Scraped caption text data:
□ □ □ □
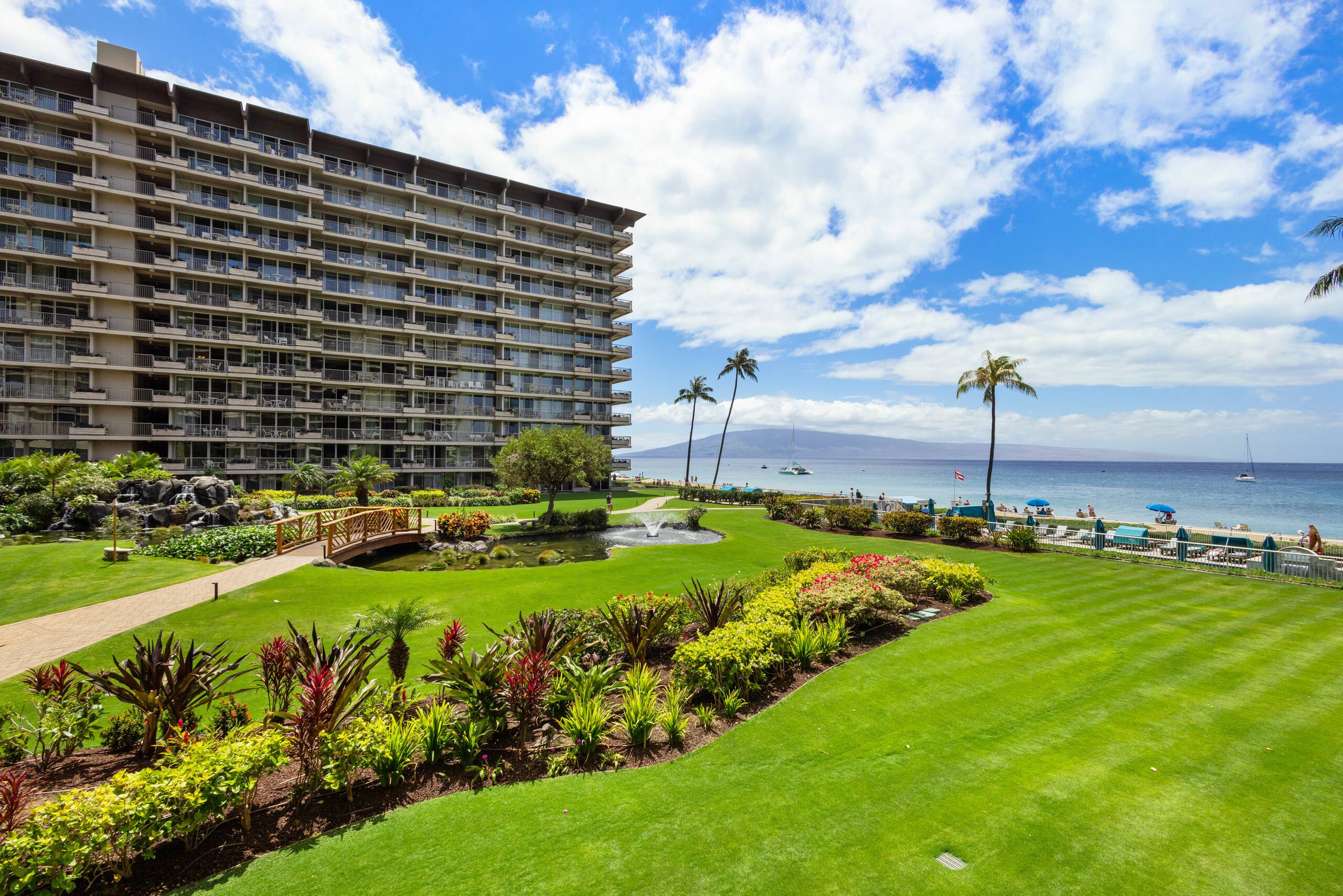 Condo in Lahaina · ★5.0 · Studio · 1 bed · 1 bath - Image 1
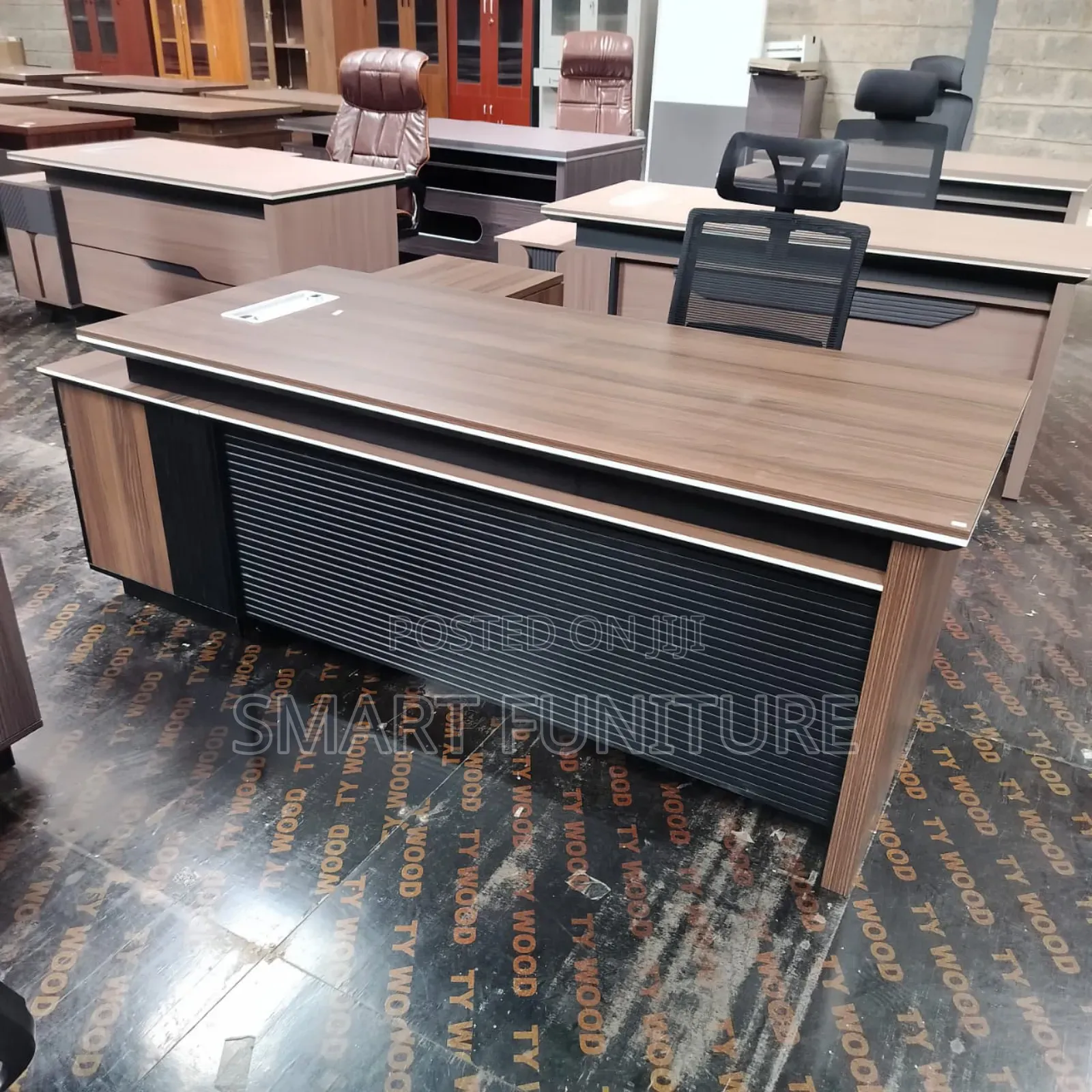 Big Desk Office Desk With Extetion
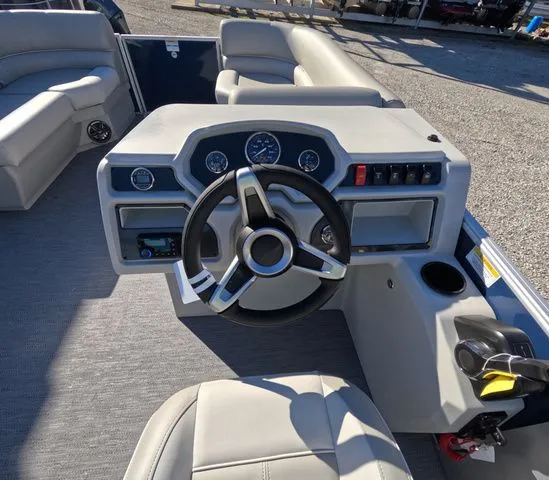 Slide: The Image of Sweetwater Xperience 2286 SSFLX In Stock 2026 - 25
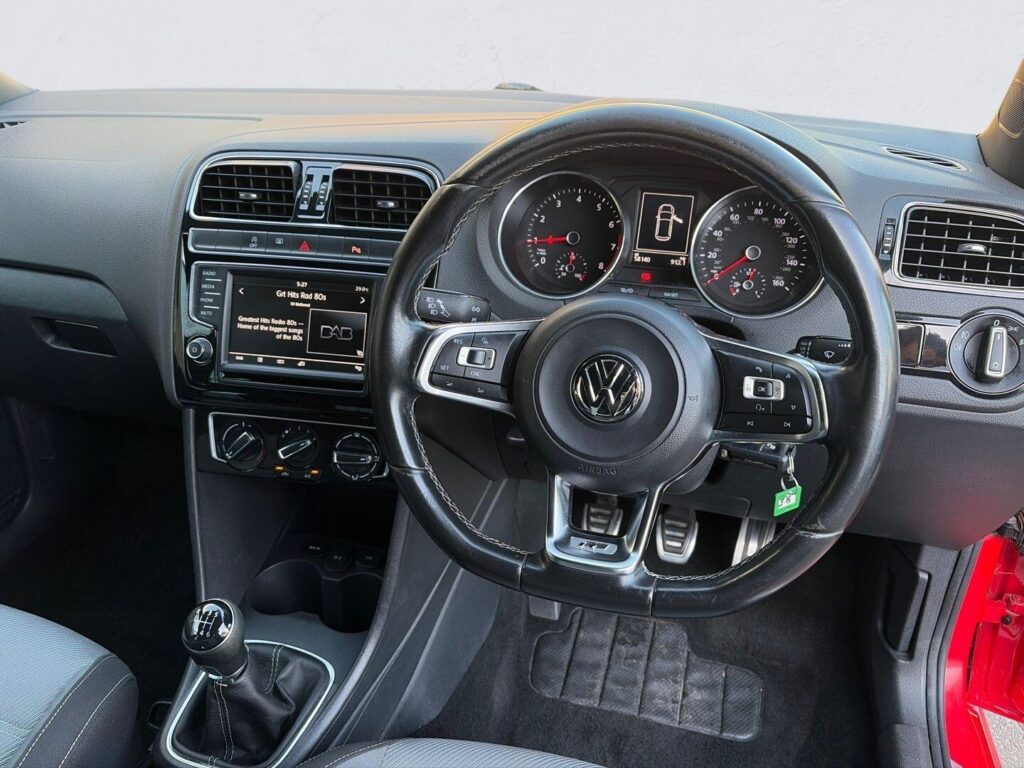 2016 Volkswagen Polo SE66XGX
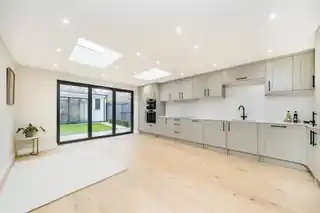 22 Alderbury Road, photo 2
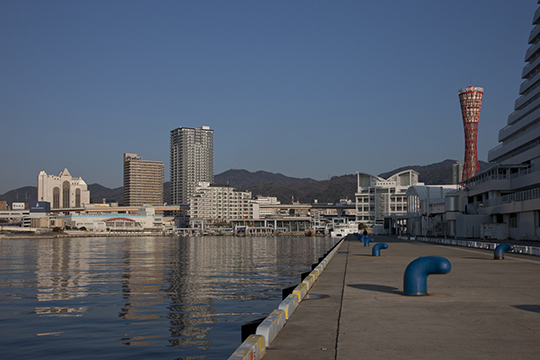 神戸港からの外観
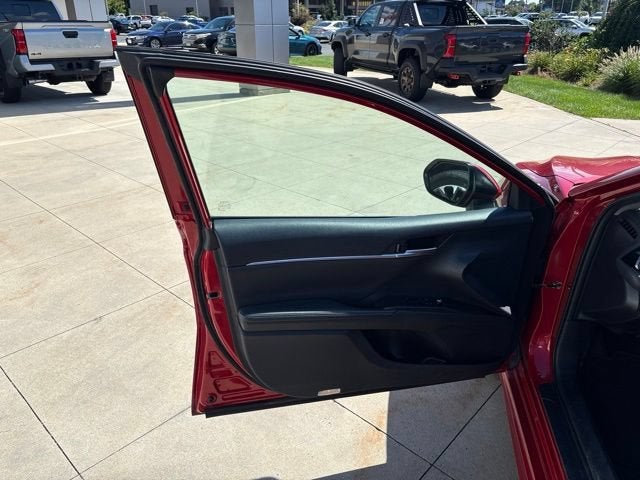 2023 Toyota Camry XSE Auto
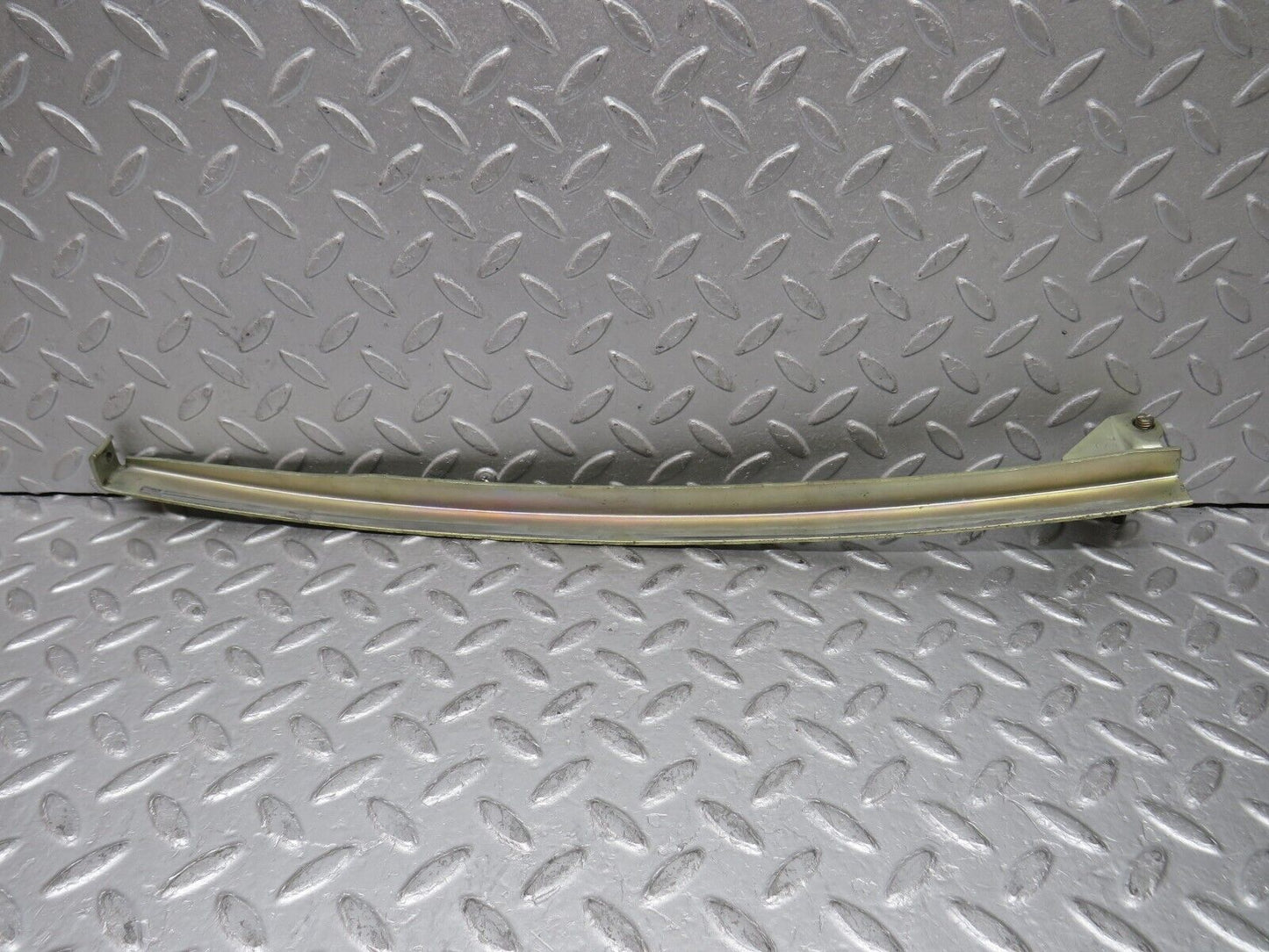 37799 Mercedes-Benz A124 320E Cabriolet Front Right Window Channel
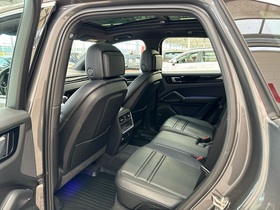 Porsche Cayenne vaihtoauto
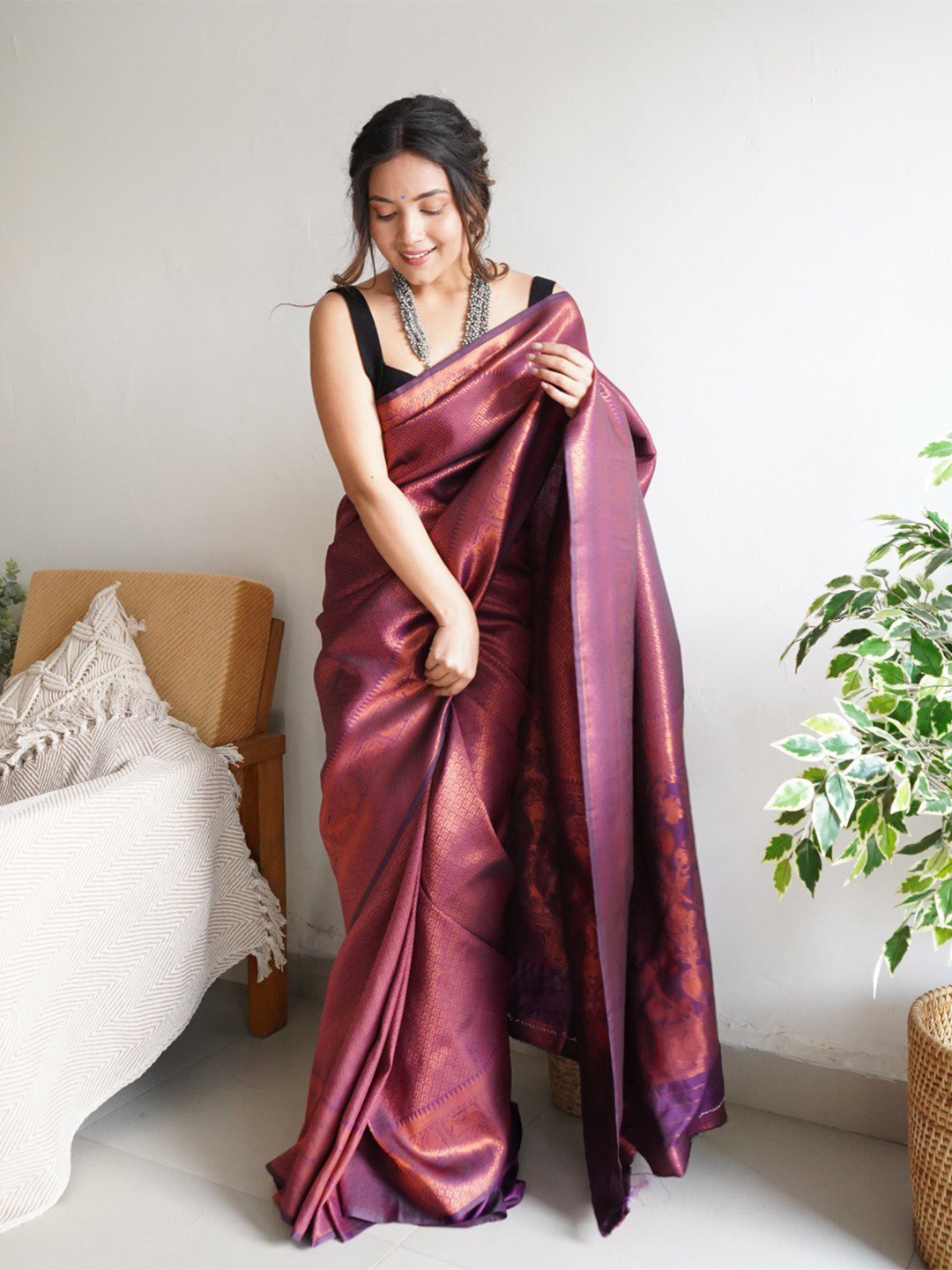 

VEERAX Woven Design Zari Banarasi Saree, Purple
□ □ □ □
What is expected
Since only the text is needed, retype the data above exactly and omit the pictures.

Task result
 Condo in Lahaina · ★5.0 · Studio · 1 bed · 1 bath - Image 1
 Big Desk Office Desk With Extetion
 Slide: The Image of Sweetwater Xperience 2286 SSFLX In Stock 2026 - 25
 2016 Volkswagen Polo SE66XGX
 22 Alderbury Road, photo 2
 神戸港からの外観
 2023 Toyota Camry XSE Auto
 37799 Mercedes-Benz A124 320E Cabriolet Front Right Window Channel
 Porsche Cayenne vaihtoauto

VEERAX Woven Design Zari Banarasi Saree, Purple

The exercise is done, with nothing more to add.